Dimensional Data Modeling For Data Warehouses

Dimensional data model is the most common design concept used by data warehouse designers to build data warehousing systems. The data model design is the underlying data model used by many of the commercial OLAP products available today in the market. Some of the terms commonly used in this type of modeling are: Dimension- a category of information (e.g. The time dimension); Attribute- a unique level within a dimension (e.g. Month is an attribute in the time dimension); and Hierarchy- the specification of levels that represents relationship between different attributes within a dimension (e.g. Year → Quarter → Month → Day).

Dimensional data model contains two types of tables. They are:

Fact Table: Fact table in a dimensional data model contains the measures of all interest, such measurements or metrics or facts of business processes. Take the example of the sales amount of a business. The amount can be a monthly sales number or sales number for a day. This measure is stored in the fact table with the appropriate granularity. For sales measures, a fact table generally contains three columns: a date column, a store column and a sales amount column. Besides the measurements the table will also contain foreign keys for the dimension tables.

Dimension Table: The dimension table in a dimensional model represents the context of the measurements. The context of measurements can also be understood as the characteristics such as who, what, where, when, how of a measurement (subject). For example, in a business process Sales, the characteristics of the ‘monthly sales number’ measurement would be a Location (Where), Time (When) and Product Sold (What). A dimension table contains a number of dimension attributes or columns. In the Location dimension the various attributes can be Location Code, State, Country, Zip code. Further, dimension attributes contain one or more hierarchical relationships.

If you are looking forward to building a data warehouse for your organization, you should first decide what your data warehouse will contain. Depending upon your organizational goals, you can choose the type of dimensions that can best meet your requirements. For example, if you want to build a data warehouse that would contain monthly sales numbers across multiple store locations, across time and across products then your dimensions would be Location, Time and Product.

In designing data models for data warehouses or data marts the most commonly used schema types are Star Schema and Snowflake Schema.
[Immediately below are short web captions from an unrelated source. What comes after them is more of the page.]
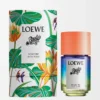 Paula’s Ibiza Eclectic Eau de Toilette 50 ml Farblos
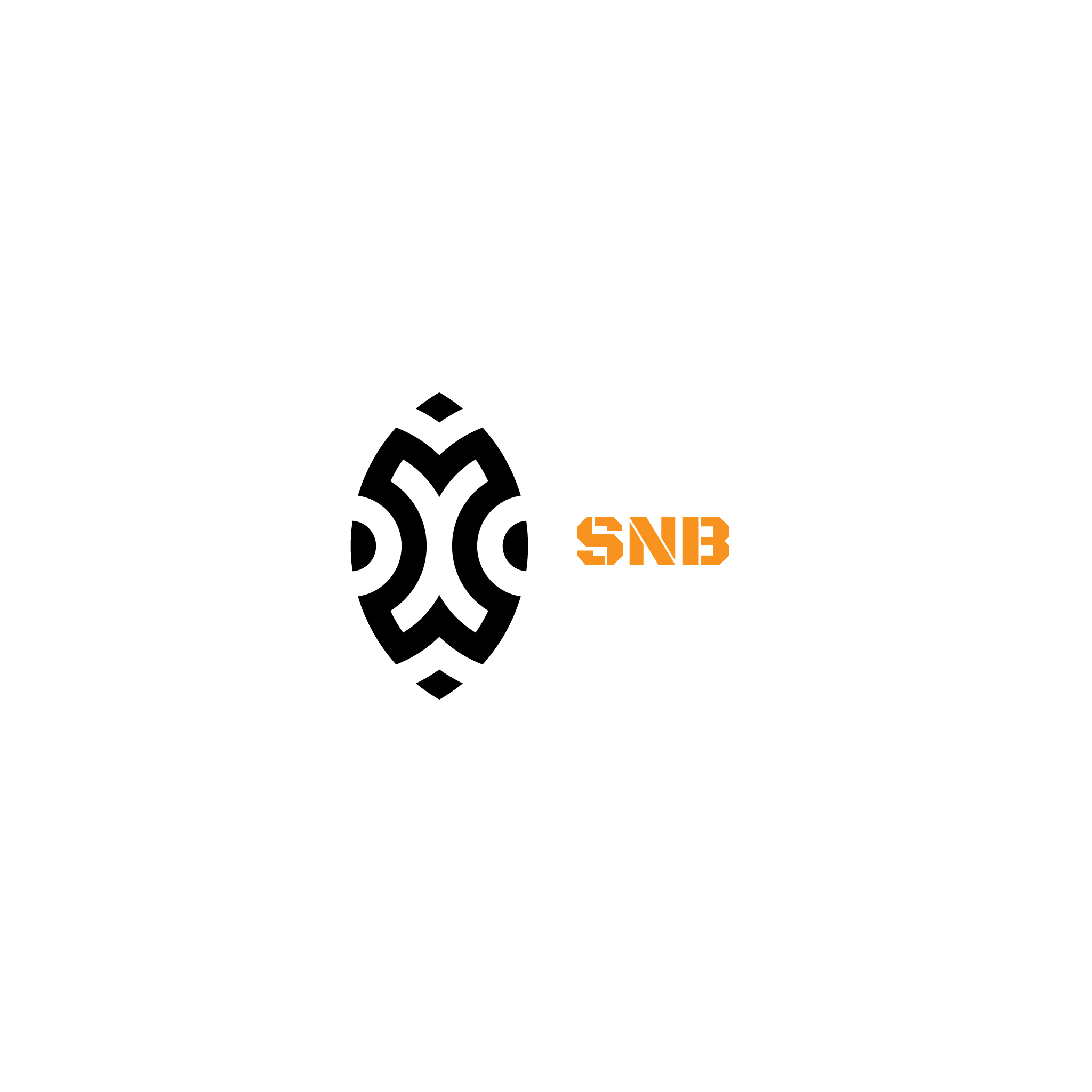 SNB Лого — Изображение №12 — Брендинг на Dprofile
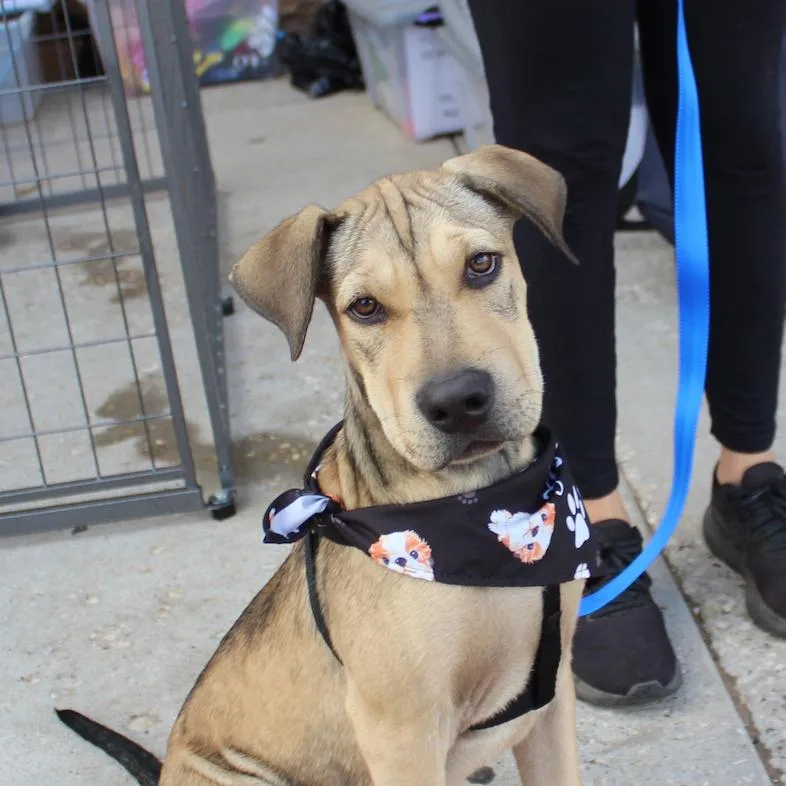 Lennoxjack thumbnail 2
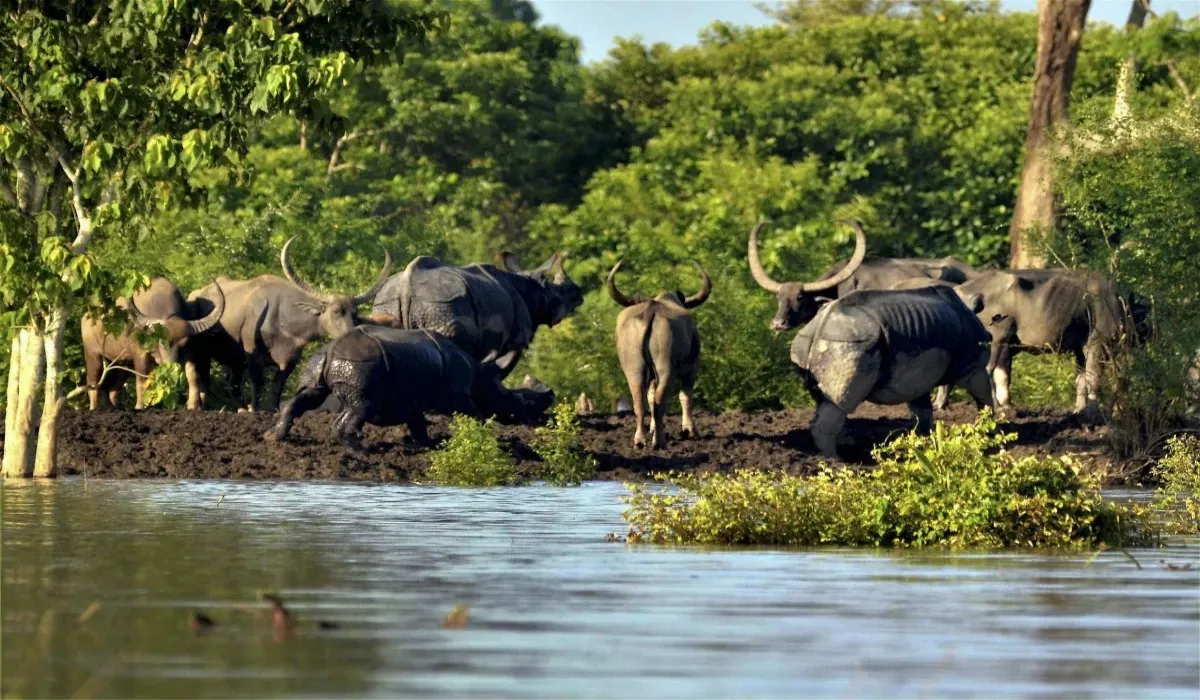 Tiger tracking tours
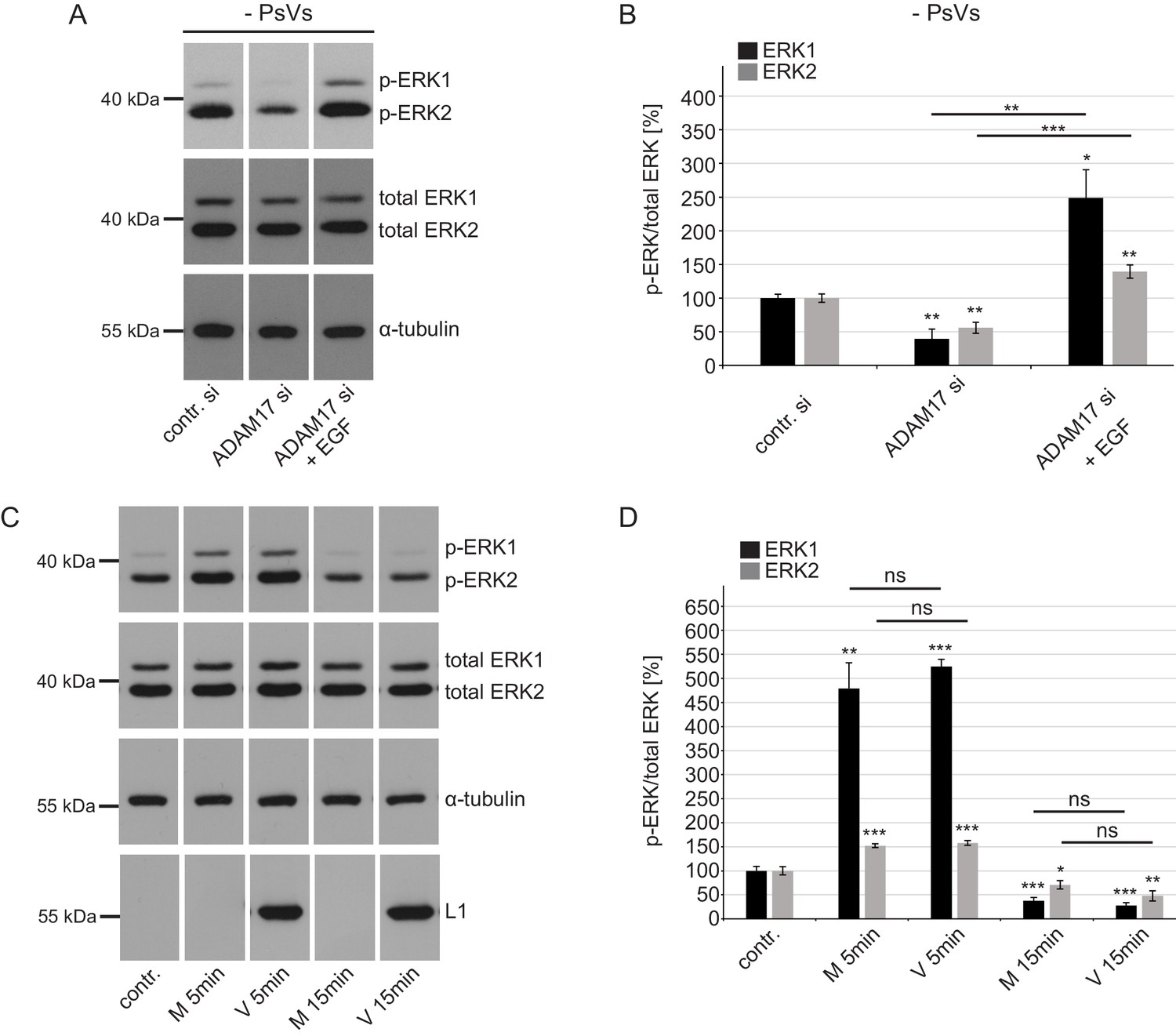 Figures and data in ADAM17-dependent signaling is required for ...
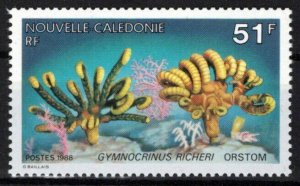 New Caledonia 580 MNH Marine Life Living Fossils ZAYIX 0524S0410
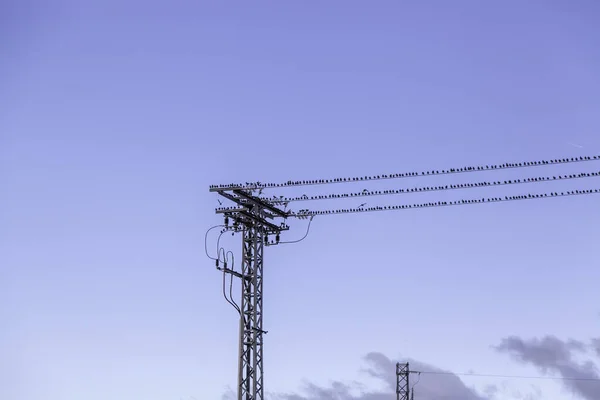 Uccelli Nella Torre Elettrica Alta Tensione Uccelli Animali — Foto Stock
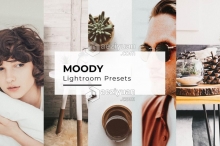 10个电影胶片Moody Lightroom预设 10 Moody Lightroom Presets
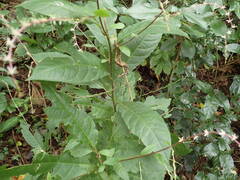 Petiveria alliacea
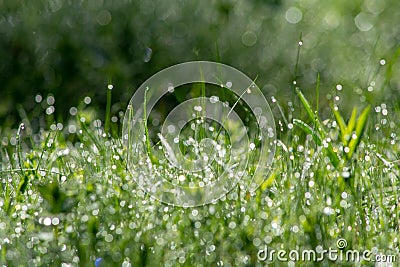 Fresh morning dew on the grass in the park Stock Photo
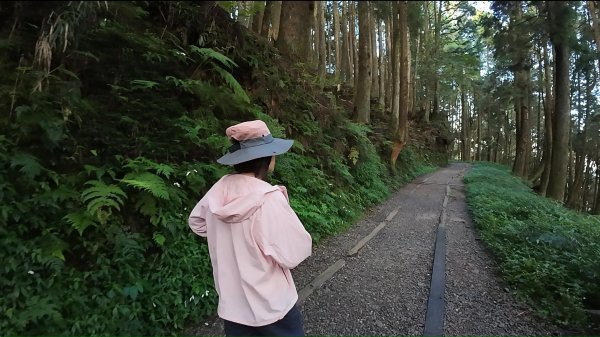 嘉義-特富野古道3120551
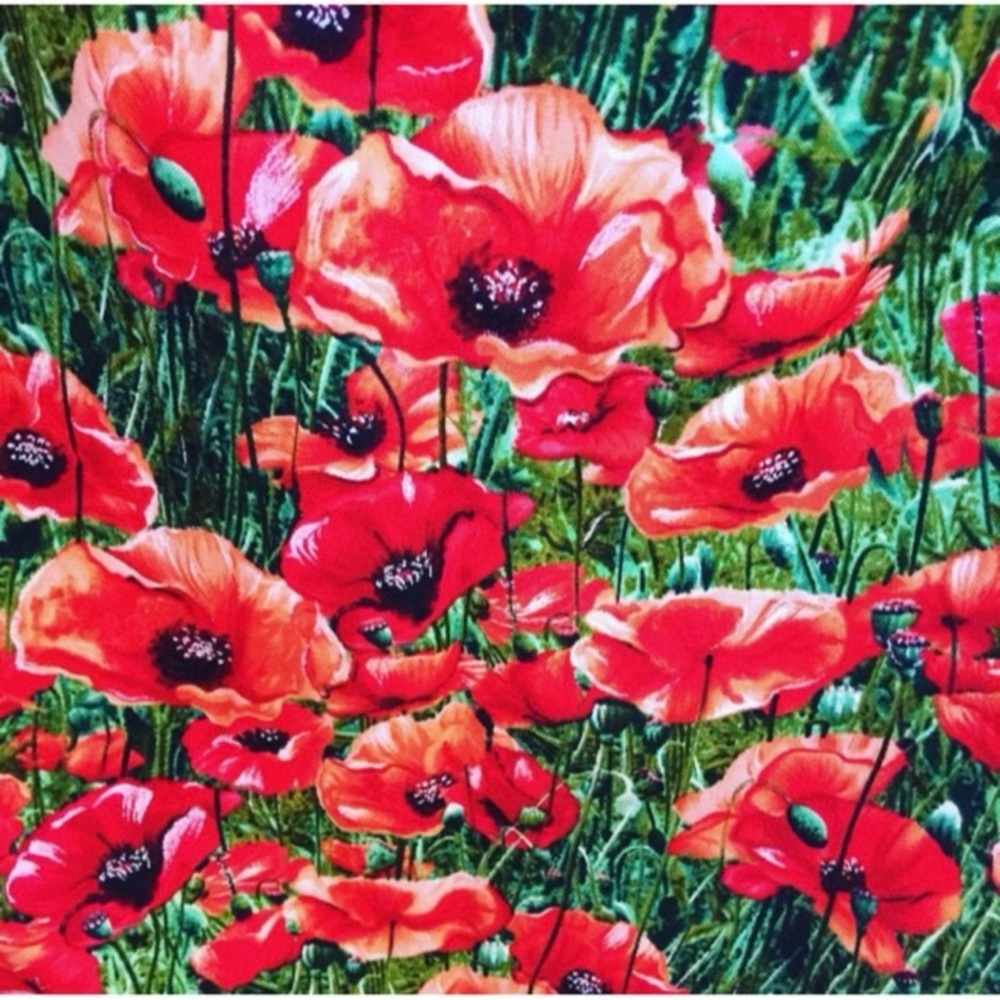 ISO Poppies Print: Trade or to Buy - Picture 3 of 6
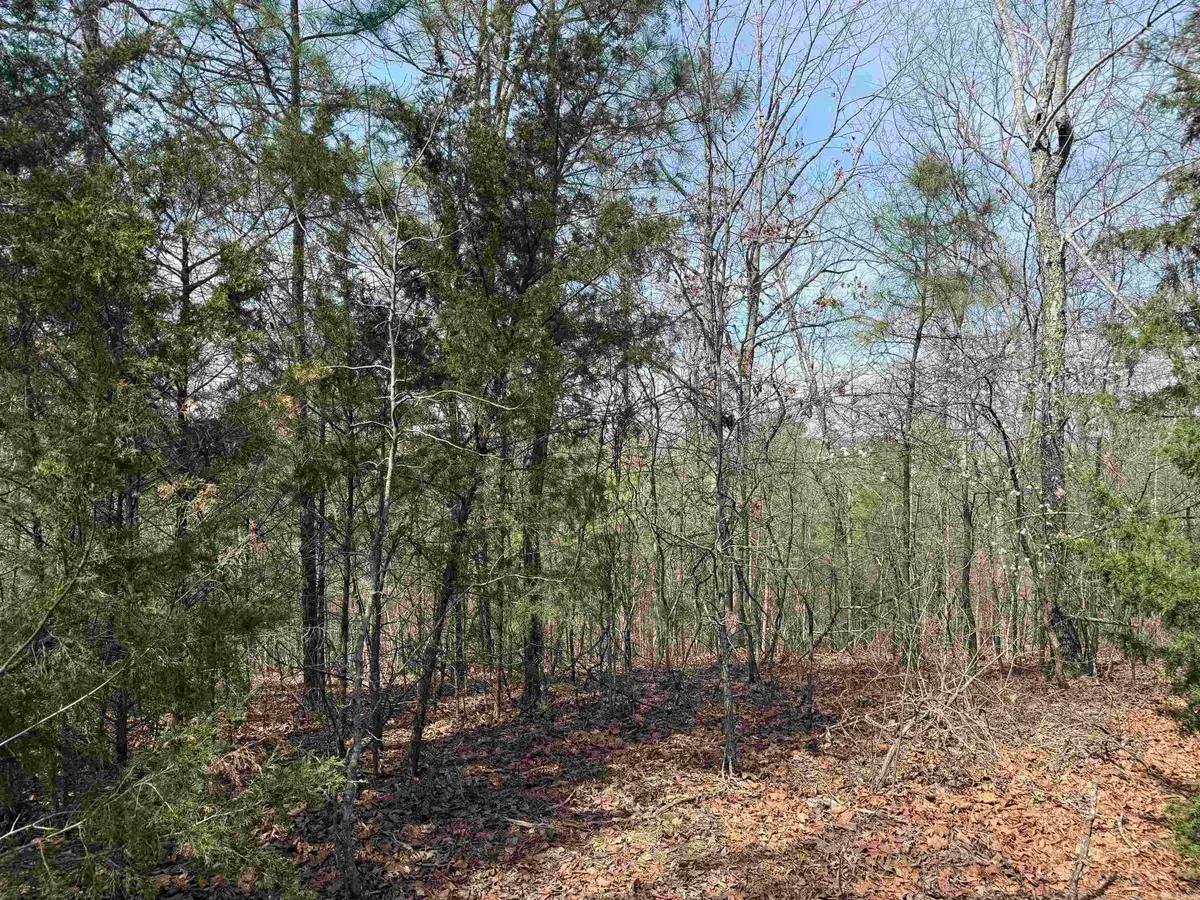 Lot 49 Mustang Drive, Clinton, AR 72031 - #1
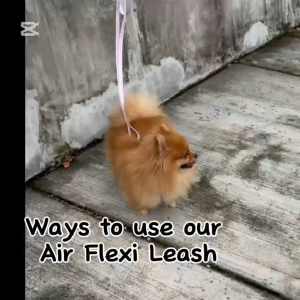 Ona & Co Air Flexi Leash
Star Schema: In this type of schema design, a single object or the fact table is placed in the middle and is radially connected to other surrounding objects or dimension tables like a star. Here, each dimension is represented as a single table and the primary key in each dimension table is related to a foreign key in the fact table. A simple start schema consists of one fact table and a complex star schema may contain more than one fact table.

Snowflake Schema: This type of schema design can be called as an extension of the star schema. In this design each point of the star or each dimension table contains more points. In other words, in a star schema each dimension is represented by a single dimensional table, while in a snowflake schema that dimensional table is normalized into multiple lookup tables, each representing a level in the dimensional hierarchy.

Choosing a particular type of schema design depends on personal preference as well as business needs. So, it is up to you which one you choose among the two for your data warehouse project.